自身の鎖骨の辺りを指さしながら、インナーが見えているとこっそり私に教えてくれたのだ。あまり急に言われたものだから、私は「え?」と言葉を発することしかできなかった。ましてや、シャツの中が見えてしまうのが嫌だから見えてもいいものを着ているのだ、だからおそらくあなたが思っているような下着ではないですのでお気になさらず、なんて長い言い訳を発することができるはずもない。そんな私をよそに女性は間髪入れずに、

 

「あっ、ゴメンなさい! もしかして見せてる?」

 

と言うものだから、私もとっさに、

 

「ええと、そうです。」

 

と答えてしまった。女性は申し訳なさそうにもう一度「ゴメンね。余計なこと言ったね」と言い、トイレの中に消えていった。下着が見えていることを教えてもらう、というたった30秒ほどの出来事だったが、まさかそれがわざと見せているという方向に帰結するとは思いもしなかった。確かに私は“見えてもいい”ようなものを着ていたが、決してわざと”見せよう”と思っていたわけではない。“見えてもいい”と“見せよう”は、内心の話であり、外観的には見えていることに変わりはないのだが、やはり私の中では全く同じものに分類することはできない。

 

 インナーをあえて見せるというファッションがあるが、それは“見せたい”という自分の意思が存在しているからこそ成立するのである。
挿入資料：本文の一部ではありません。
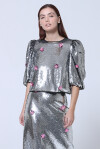 Top in paillettes con applicazioni - 4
だから、自分が意図していないところでインナーが見えてしまうと、だらしない人だと思われてしまう危険性がある(あの人、下着見えてるよ、ダサい。といった具合に)。それは是非とも避けたい。そこで登場するのが、”見えてもいい”という心持ちだ。ファッションとして着こなすまでの心意気はないが、見えてしまったときにだらしないと思われたくはない。中途半端な状態と言われれば否定はできない。とても面倒くさい考え方であることも否定できない。だが、そういう状態が良い塩梅のときもある。たとえ人に伝わらなくても、それはそれでいいのかもしれない。